En ces temps difficiles, plus encore qu’à l’habitude, il est nécessaire de s’informer, de décrypter les tendances qui se développent de par le monde dans notre secteur. 

Tout est mondial dorénavant, la pandémie l’aura encore montré si nécessaire, et ceci est vrai pour les tendances et modes dans le domaine de l’alimentation, même si celles-ci s’installent parfois chez nous avec un certain décalage. 

Chaque crise est un accélérateur de changements et de nombreux comportements apparus avec celle-ci ne disparaîtront pas avec elle. Nul doute que la population restera plus soucieuse de l’hygiène et de la santé en général, prêtera plus d’attention à la qualité et à l‘origine des produits. 

De même chaque épreuve, chaque crise, voit émerger son lot d’inventions techniques ou sociales. Soyons positifs, c’est poussé dans le dos qu’on avance parfois le mieux. 

Avant ce tsunami on pouvait parfaitement exercer son métier sans trop se soucier de l’évolution de la société autour de nous. Dorénavant il sera sans doute plus difficile de ne pas en tenir compte. Certains paramètres du paysage ont radicalement changé et il faudra faire face à de nouveaux comportements, voire à de nouveaux concurrents. 

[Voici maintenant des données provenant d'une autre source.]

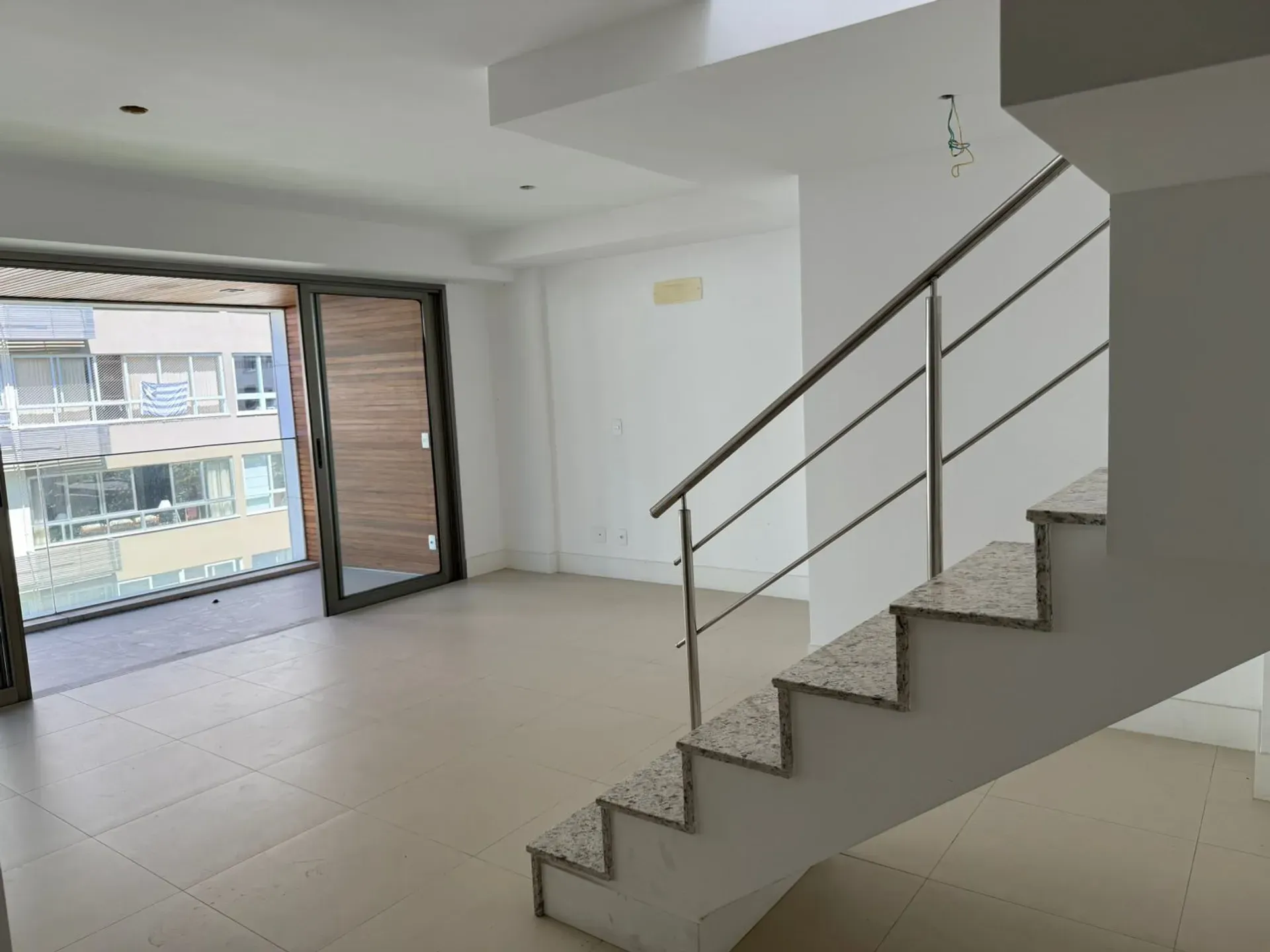 Apartment with balcony, 3 bedrooms and 2 parking spots — photo 7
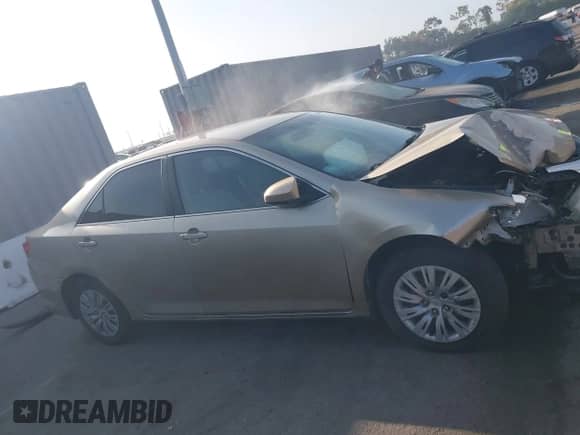 2012 Toyota Camry L с VIN 4T4BF1FK7CR237248, выставлен на аукционе IAAI как лот 43240373 с пробегом 114 619 миль миль и . История ставок и продаж доступна на DreamBid. Изображение 13.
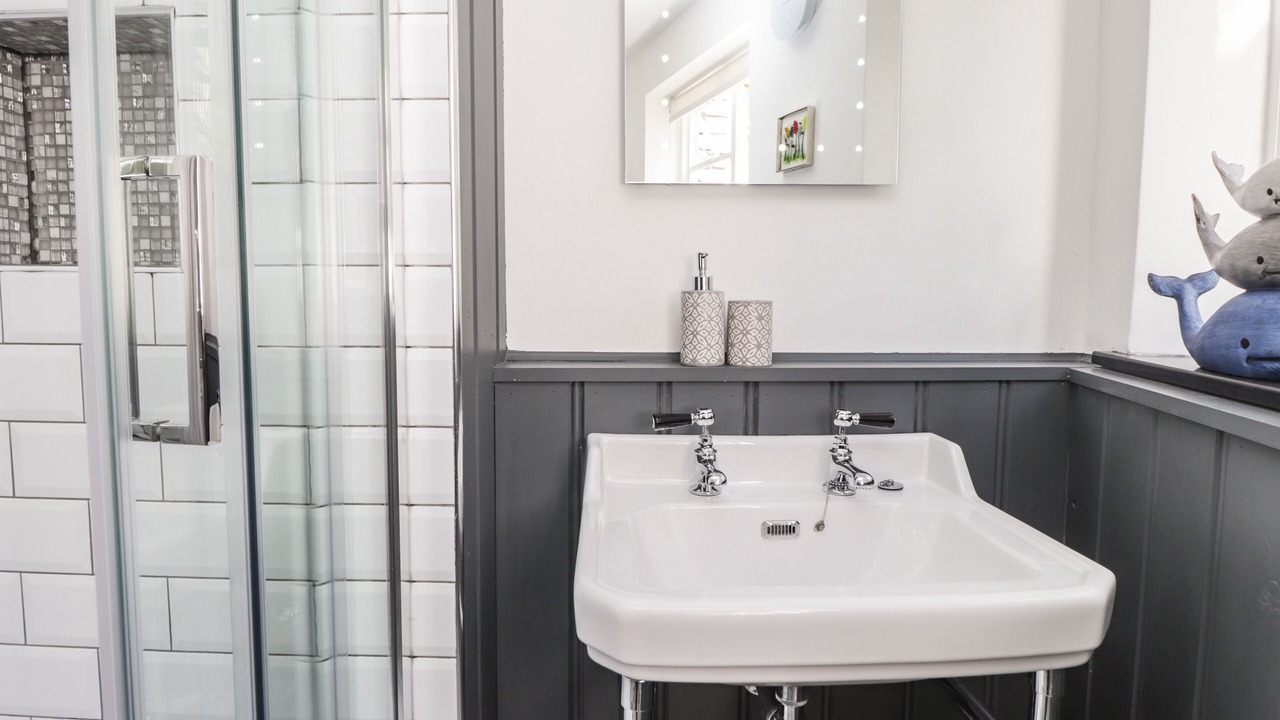 Photo of Others in Sandwich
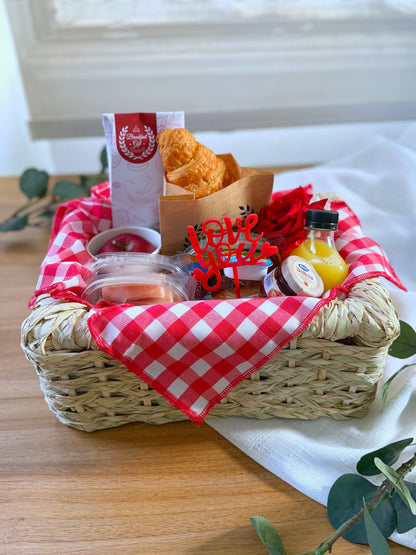 Breakfast Basket & Vase Flowers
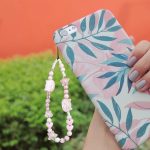 ⁦سوار سلسلة للهاتف المحمول بتصميم راس قطة ونجمة وزهرة وقلب مطرز بالخرز، حزام معصم بلون زهري مضاد للفقدان، سلسلة مفاتيح للنساء والفتيات⁩ - الصورة ⁦3⁩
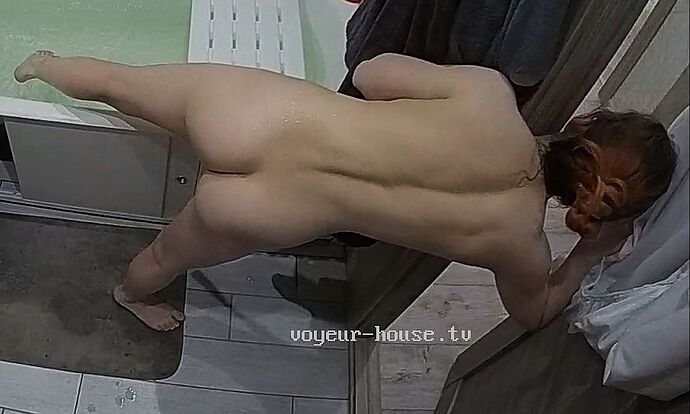 Mindy_250720_naked_bathroom_@Henry&_Mira_realm18_01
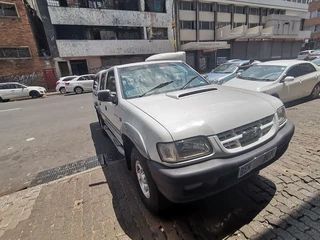 2005 Isuzu KB 300 D-TEQ LE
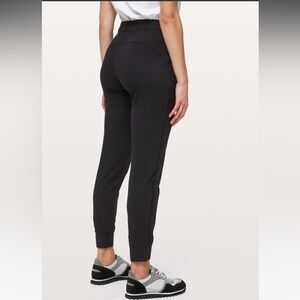 Lululemon Ready To Rulu Pant 29" in Black, Size 2, Style: W5BXOS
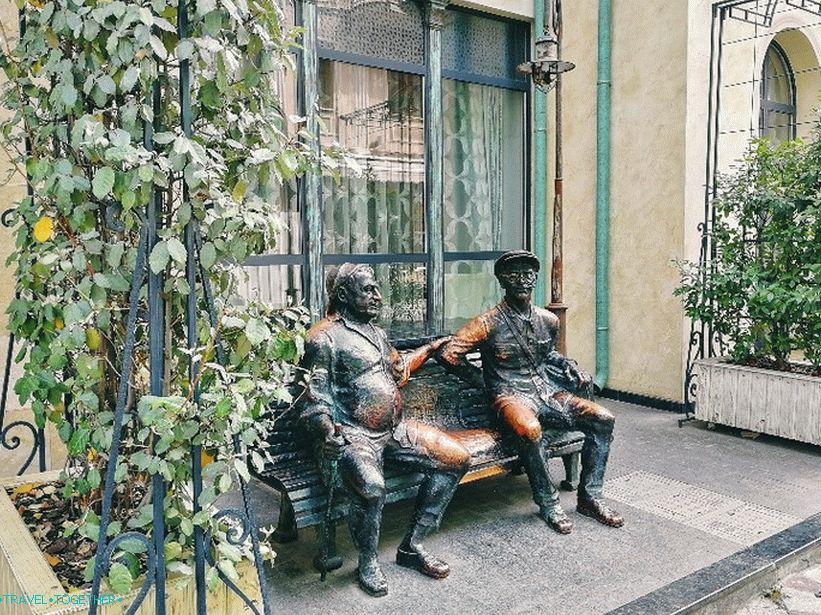 Another Tbilisi sculpture. It seems to be one of the episodes of the famous film Danelia.
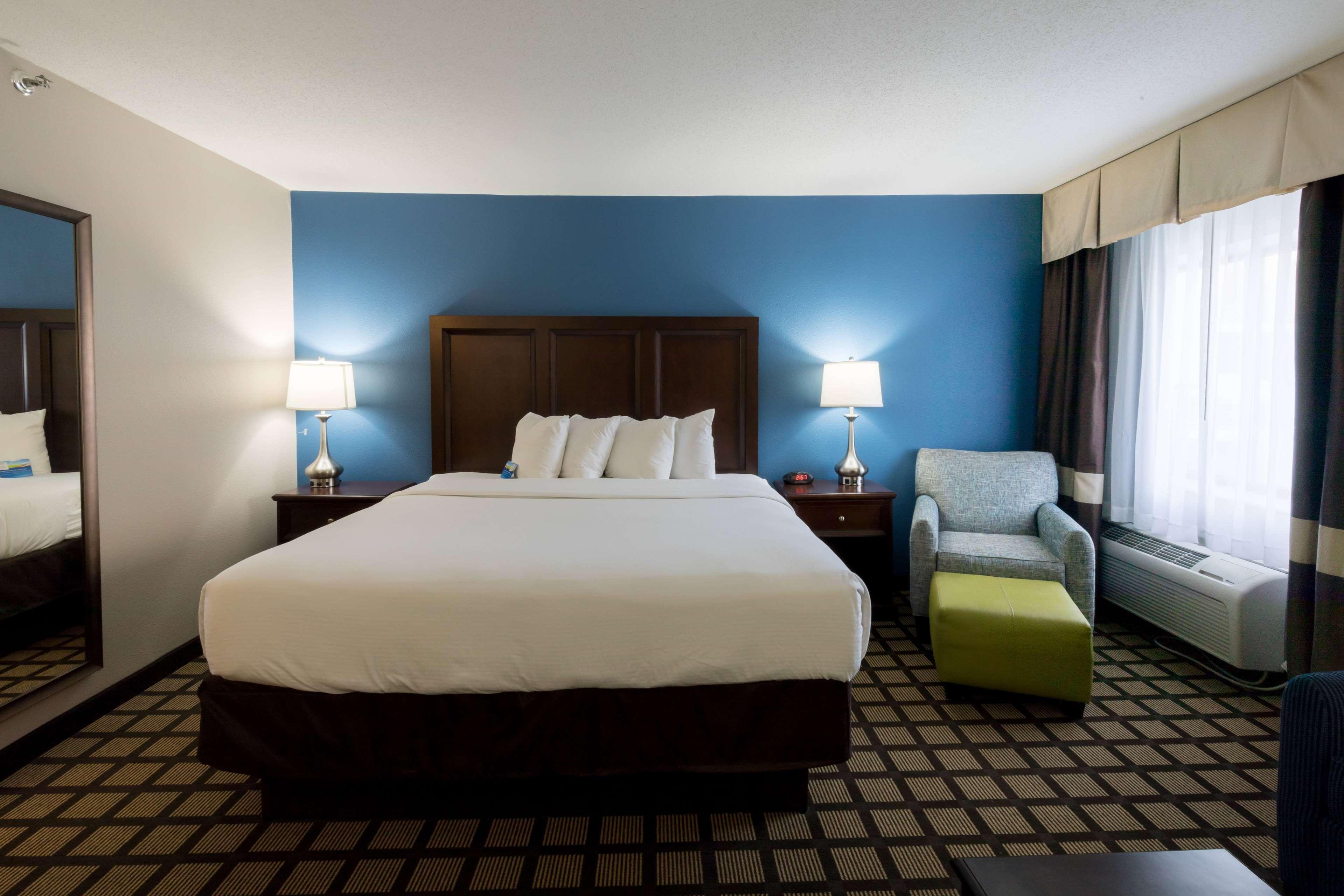 Baymont By Wyndham Detroit Airport/Romulus Otel Dış mekan fotoğraf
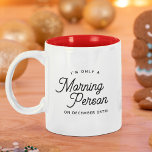Grappig kerstfeest-ochtendpersoon die Stuffer stop Tweekleurige Koffiemok<br><div class="desc">Een grappige mok van de feestdag,  die me voorleest,  ben ik SLECHTS EEN MORNENDE PERSOON OP 25 DECEMBER in een minimalistisch,  modern typografieontwerp. Stomme opberghoes voor de persoon die 's ochtends niet uit bed kan komen!</div>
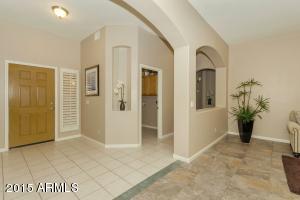 267 E Smoke Tree Rd, Gilbert, AZ 85296 photo 4
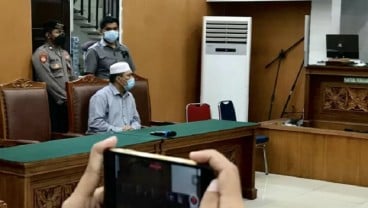 Momen Yahya Waloni Minta Maaf kepada Kaum Nasrani di PN Jakarta Selatan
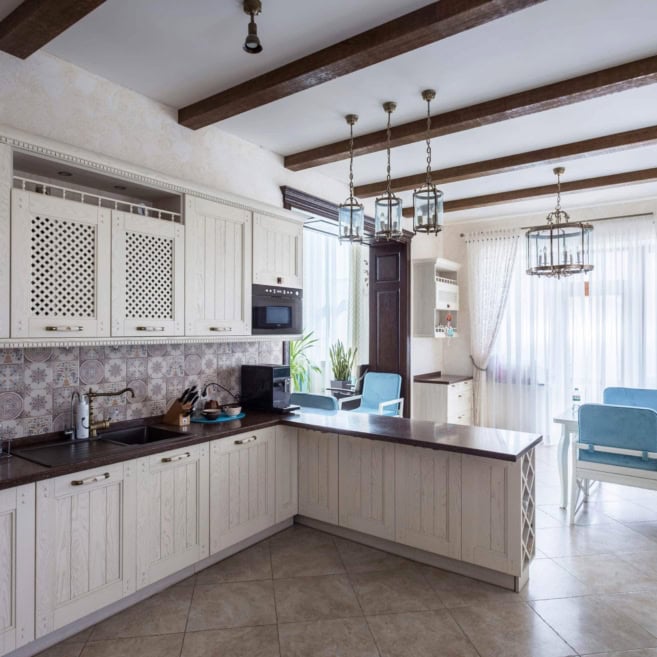 Кухня-классика-светильники на потолке--1012 Кухня-классика-светильники на потолке--1012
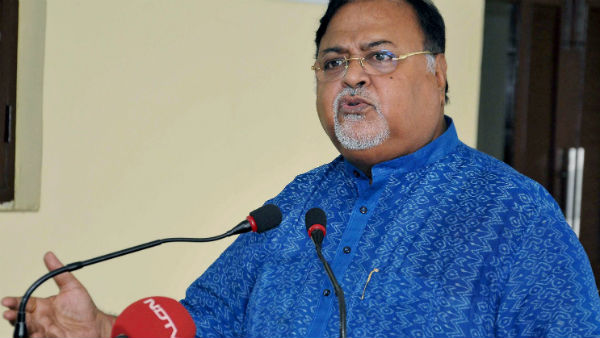 রাজ্যপালকে 'ঘোষবাবু' বলে কটাক্ষ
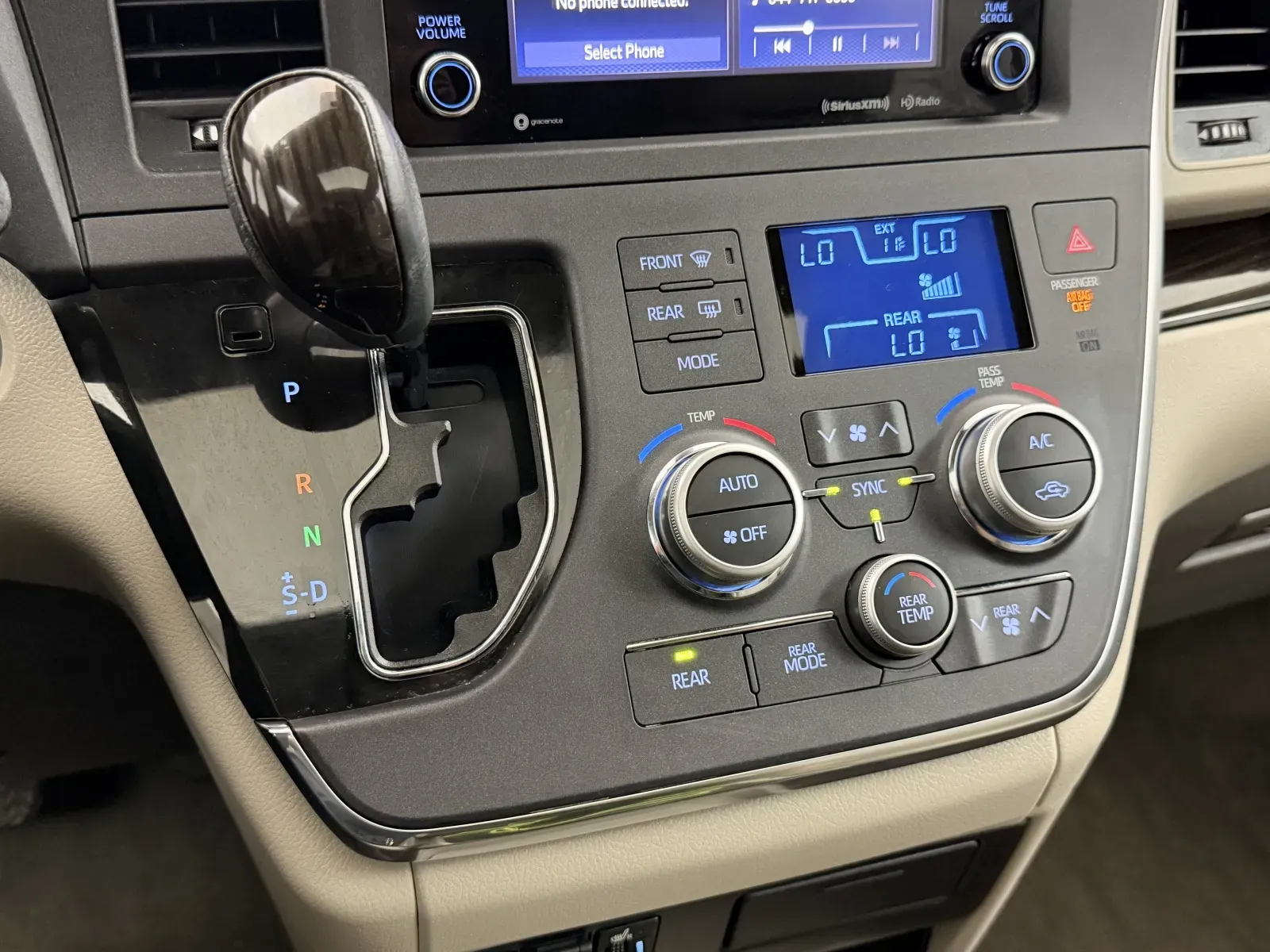 Toyota Sienna photo 23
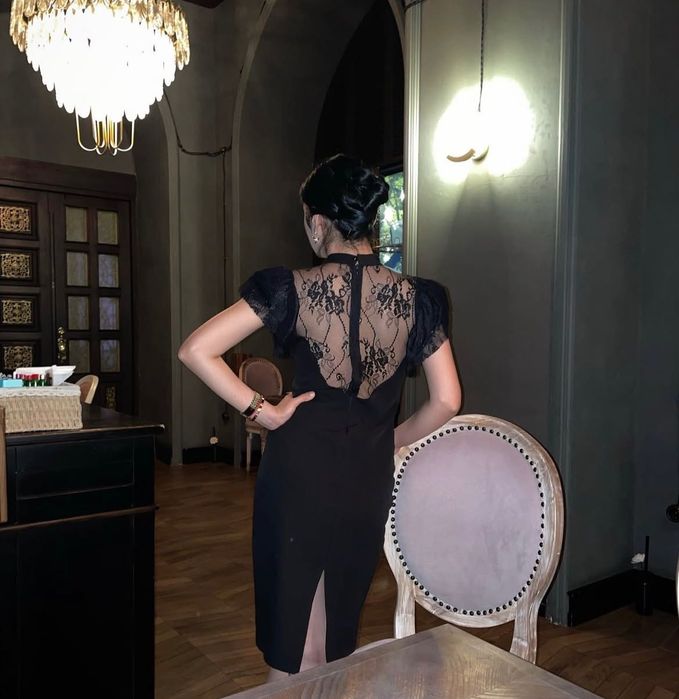 коктейльные черные платья для девушек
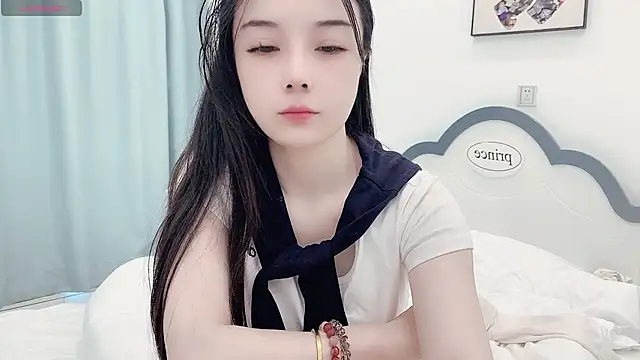 AKiKi711 online show from 04.17.26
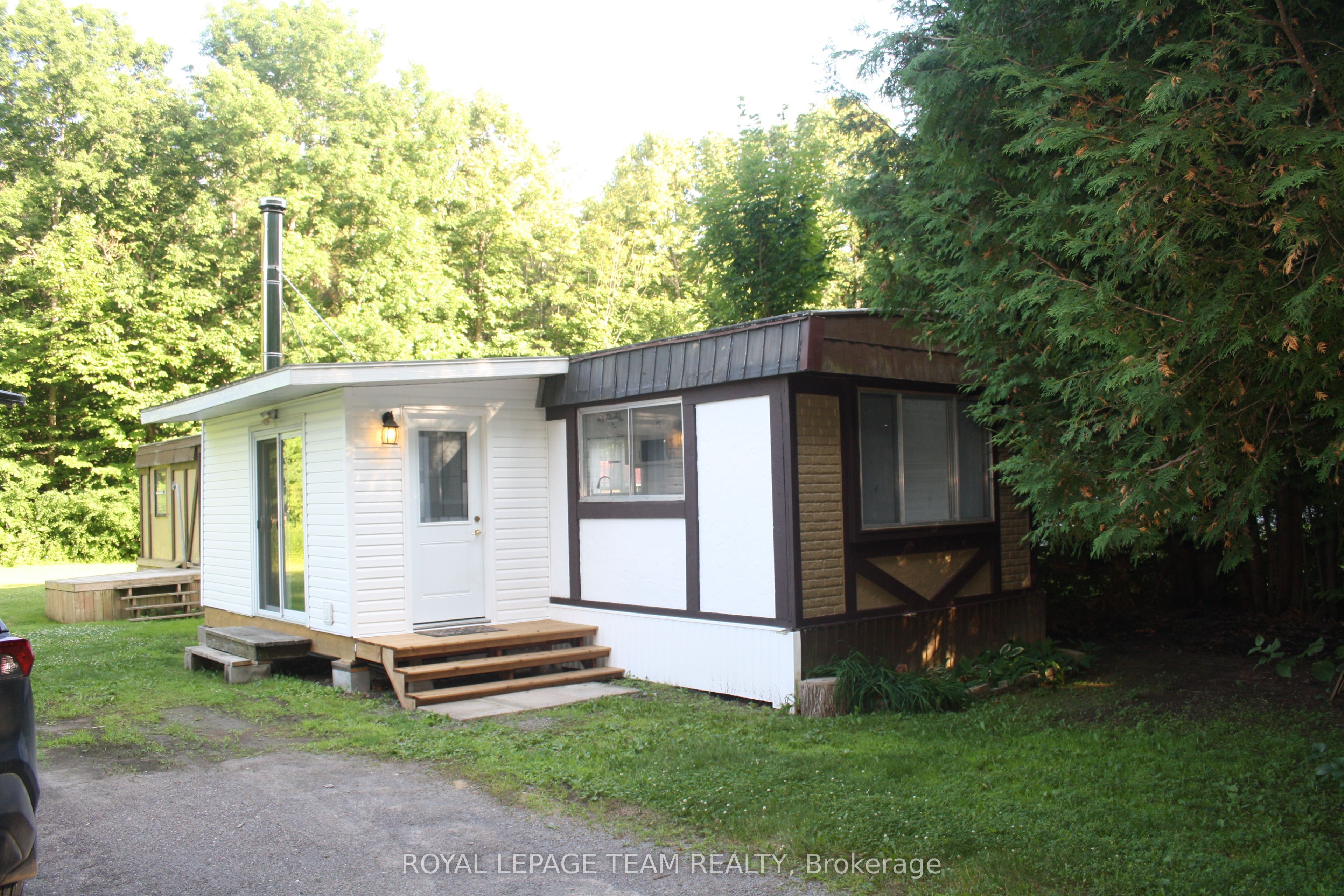 27 Jennifer Ln Property Photo 1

Le travail à domicile, pour prendre un exemple, a rapidement changé la donne pour les commerces Horeca situés aux alentours des bureaux ou pour les cuisines de collectivité. Nul ne sait avec certitude aujourd’hui comment évoluera ce marché. Au début de la crise, certains prédisaient que dorénavant le home working serait la norme. Quelques mois plus tard on s’aperçoit qu’il ne convient pas à tout le monde ni à toutes les entreprises et surtout qu’une bonne part des employés en a maintenant marre de travailler à la maison. 

Donc tabler sur un modèle unique serait une grosse erreur. Comme toujours il faut laisser aux choses le temps de décanter, aux personnes et au marché celui de s’adapter.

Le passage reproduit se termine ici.